**PROBLEM STATEMENT**
Restate all of the entries exactly, dropping any pictures they hold.

**RAW DATA**

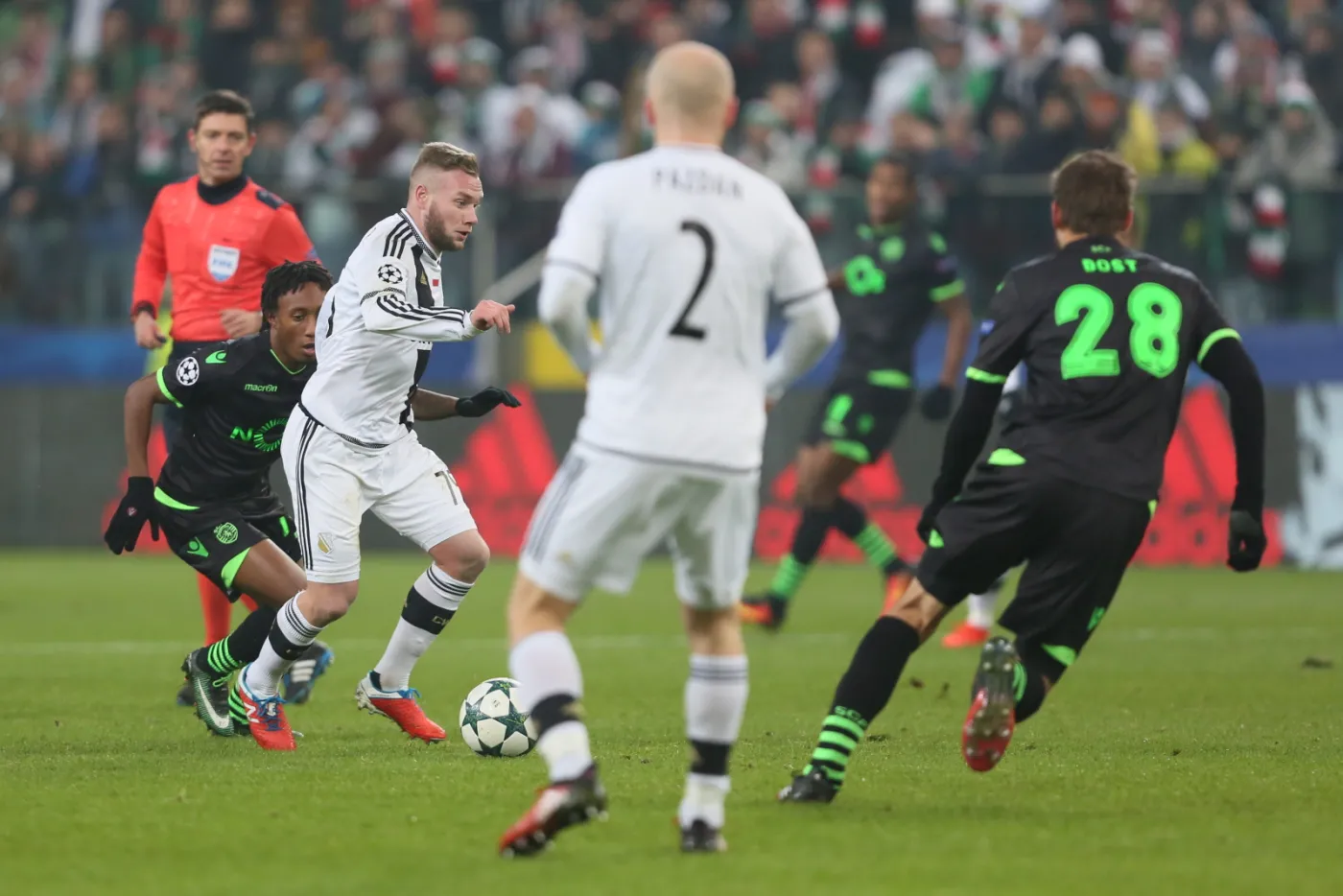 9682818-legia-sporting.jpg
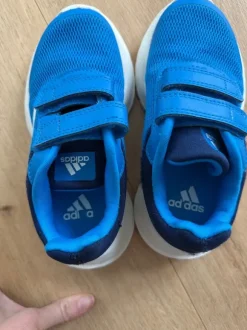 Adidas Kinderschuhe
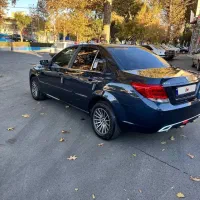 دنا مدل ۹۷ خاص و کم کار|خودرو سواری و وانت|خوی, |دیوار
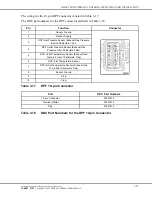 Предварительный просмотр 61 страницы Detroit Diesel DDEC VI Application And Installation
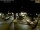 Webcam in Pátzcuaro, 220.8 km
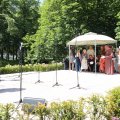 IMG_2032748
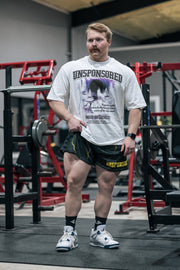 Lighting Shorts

**WRITTEN RESPONSE**
 9682818-legia-sporting.jpg
 Adidas Kinderschuhe
 دنا مدل ۹۷ خاص و کم کار|خودرو سواری و وانت|خوی, |دیوار
 Предварительный просмотр 61 страницы Detroit Diesel DDEC VI Application And Installation
 Webcam in Pátzcuaro, 220.8 km
 IMG_2032748
 Lighting Shorts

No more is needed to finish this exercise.